「ジェンス、そこにいたのか」
ぶらぶら歩いて路地を戻っていくと、工房からハッチェリが出てきたところだった。
「おやじの話、長いからな。退屈だったか? せっかく来たからにはシリンガを周っていくか」
シリンガはライオネラでもっともにぎやかな盛り場の街だ。ジェンスは首を横にふった。
「俺は丘に行ってみたい」
「丘ぁ? 大神殿に行くのか?」
「チェリはつきあわなくていい。俺ひとりで行く」
傭兵の多くはまじないを好むが信心深くはない。それにハッチェリは七枝神を信仰する辺境の出身で、神殿や神官が苦手だ。
それでもこの前のことがあるからだろう、ハッチェリは重々しくうなずいた。
「……そうだな、命拾いしたものな」
本当のことをいえば、ジェンスの目的は大神殿や世界樹ではなかった。しかしあの少年に会えるかもしれないから丘に行ってみたいなんて、そんなことはとてもいえない。
「チェリはシリンガで遊んで帰ればいい」
ジェンスがそういったとき、ちょうどタラットが工房から出てきた。
「タラット、俺は丘に行ってくる」
タラットはハッチェリのような反応はしなかった。それでも同じことを考えたにちがいない。
「感謝の気持ちはちゃんと伝えておくものだ。相手が神様でも、人間でも」
鍛冶屋の徒弟に参道までの近道を教えてもらい、ジェンスは小さな宿を経めぐる曲がりくねった坂道をたどっていった。
歩くうちに方向感覚があやしくなったが、気がつくと参道の入口がすぐそこにある。大神殿へ続く道は柵で仕切られ、これから大神殿へ向かう人の列と、戻ってくる列がある。
「世界樹のめぐみをあなたに」という言葉が聞こえてきた。いったい何かと思ったら、参道の入口で簡素な白い服を着た男女が巡礼に杖を配っているのだった。

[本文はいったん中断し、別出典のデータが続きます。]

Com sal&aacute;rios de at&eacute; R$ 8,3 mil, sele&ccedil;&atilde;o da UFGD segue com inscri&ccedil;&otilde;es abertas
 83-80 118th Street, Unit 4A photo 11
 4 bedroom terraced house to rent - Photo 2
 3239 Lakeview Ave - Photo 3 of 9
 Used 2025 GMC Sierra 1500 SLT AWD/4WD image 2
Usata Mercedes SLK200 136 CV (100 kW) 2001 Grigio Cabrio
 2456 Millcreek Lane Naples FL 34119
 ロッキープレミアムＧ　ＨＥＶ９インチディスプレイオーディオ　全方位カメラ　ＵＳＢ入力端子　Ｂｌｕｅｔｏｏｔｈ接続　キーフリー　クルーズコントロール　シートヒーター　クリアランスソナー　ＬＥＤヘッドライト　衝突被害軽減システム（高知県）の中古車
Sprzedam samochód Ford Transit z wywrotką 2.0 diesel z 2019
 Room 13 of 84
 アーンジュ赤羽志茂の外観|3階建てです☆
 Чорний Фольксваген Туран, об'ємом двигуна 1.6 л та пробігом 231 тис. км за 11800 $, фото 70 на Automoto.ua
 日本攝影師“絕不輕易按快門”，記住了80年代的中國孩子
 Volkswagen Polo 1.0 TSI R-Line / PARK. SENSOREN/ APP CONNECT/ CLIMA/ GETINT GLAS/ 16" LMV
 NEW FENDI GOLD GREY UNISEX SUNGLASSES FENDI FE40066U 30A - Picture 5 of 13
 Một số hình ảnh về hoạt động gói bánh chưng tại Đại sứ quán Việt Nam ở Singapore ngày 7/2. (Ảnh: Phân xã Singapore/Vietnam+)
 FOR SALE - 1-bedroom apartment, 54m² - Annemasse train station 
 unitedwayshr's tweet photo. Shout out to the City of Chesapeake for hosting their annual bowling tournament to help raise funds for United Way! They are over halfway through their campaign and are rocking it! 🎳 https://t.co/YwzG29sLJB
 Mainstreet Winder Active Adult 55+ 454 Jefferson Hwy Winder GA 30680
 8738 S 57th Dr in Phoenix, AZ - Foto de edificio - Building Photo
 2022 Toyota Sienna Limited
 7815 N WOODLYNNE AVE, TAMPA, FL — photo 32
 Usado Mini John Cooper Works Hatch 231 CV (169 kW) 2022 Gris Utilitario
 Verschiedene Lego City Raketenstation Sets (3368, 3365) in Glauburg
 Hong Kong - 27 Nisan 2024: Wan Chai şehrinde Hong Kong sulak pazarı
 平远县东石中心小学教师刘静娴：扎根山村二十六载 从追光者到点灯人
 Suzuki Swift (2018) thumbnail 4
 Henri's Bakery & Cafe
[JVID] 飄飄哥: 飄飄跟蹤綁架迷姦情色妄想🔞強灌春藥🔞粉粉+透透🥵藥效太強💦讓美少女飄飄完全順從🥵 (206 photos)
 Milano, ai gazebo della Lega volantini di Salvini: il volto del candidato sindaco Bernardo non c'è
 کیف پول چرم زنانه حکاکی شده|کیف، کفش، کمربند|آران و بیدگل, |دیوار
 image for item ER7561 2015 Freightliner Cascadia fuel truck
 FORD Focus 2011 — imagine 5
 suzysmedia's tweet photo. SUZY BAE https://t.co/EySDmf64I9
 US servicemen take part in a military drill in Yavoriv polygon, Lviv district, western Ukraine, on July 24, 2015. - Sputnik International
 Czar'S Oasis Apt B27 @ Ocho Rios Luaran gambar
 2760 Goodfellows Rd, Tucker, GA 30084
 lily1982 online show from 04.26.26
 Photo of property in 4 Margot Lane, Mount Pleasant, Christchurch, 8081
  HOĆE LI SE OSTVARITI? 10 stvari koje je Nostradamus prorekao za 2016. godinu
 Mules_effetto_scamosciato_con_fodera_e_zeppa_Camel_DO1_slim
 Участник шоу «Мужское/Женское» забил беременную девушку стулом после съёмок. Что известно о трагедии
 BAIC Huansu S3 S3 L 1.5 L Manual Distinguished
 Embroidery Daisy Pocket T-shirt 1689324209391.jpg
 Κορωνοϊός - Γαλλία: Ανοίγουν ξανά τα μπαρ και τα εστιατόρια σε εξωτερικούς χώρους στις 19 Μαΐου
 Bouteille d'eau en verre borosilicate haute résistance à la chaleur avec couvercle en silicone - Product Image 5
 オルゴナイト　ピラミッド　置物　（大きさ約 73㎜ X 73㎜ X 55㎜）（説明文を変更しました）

骨のように白い木の杖だ。その前にも長い列があって、杖をもらった人から順に参道へ向かっている。
「世界樹の古枝を削った杖だ。大神殿がタダでくれる」
「タダ? へえ」
そういって列に並ぶ二人連れを見て、ジェンスもそのあとに続いた。
「ありがたいもんだな。にしても、おまえは前も巡礼に来ただろう? その時の杖は?」
「もちろん今も持ってるさ! ライオネラを発つ前に削ってスプーンを作ったんだ。土産になるし、お守りにもなる。その辺の木工屋で頼めるぞ」
「なるほどね」
巡礼は老若男女さまざまで、服装も粗末なものから立派なものまでいろいろだった。ジェンスの斜め前をいく贅沢な服装の男は護衛の傭兵を連れているが、列の進みが遅いことに苛立っている。
ジェンスはのろのろ歩きながら、大神殿から戻ってくる人々の顔をなんとなく見ていた。あの青い目の少年が神殿の人間なら、参詣の列にいるはずはないから、こんなところで探しても無駄にちがいない。自分でもそう思っていた。
それなのにその時、あれが見えたのだ。
――午後の日差しにきらめく金の髪と、その下の青い眸が。
「世界樹のめぐみをあなたに……ちょっとそこの人、列を乱さないでください!」
杖を配る男の制止も聞かず、ジェンスは参道に飛び出していた。たしかにあの少年だった。髪はきれいに梳かしつけられていたし、服装も前に会ったときのような粗末なものではなかったが、あの青い目はまちがえようがない。
ジェンスは列を横切りながら大声を出した。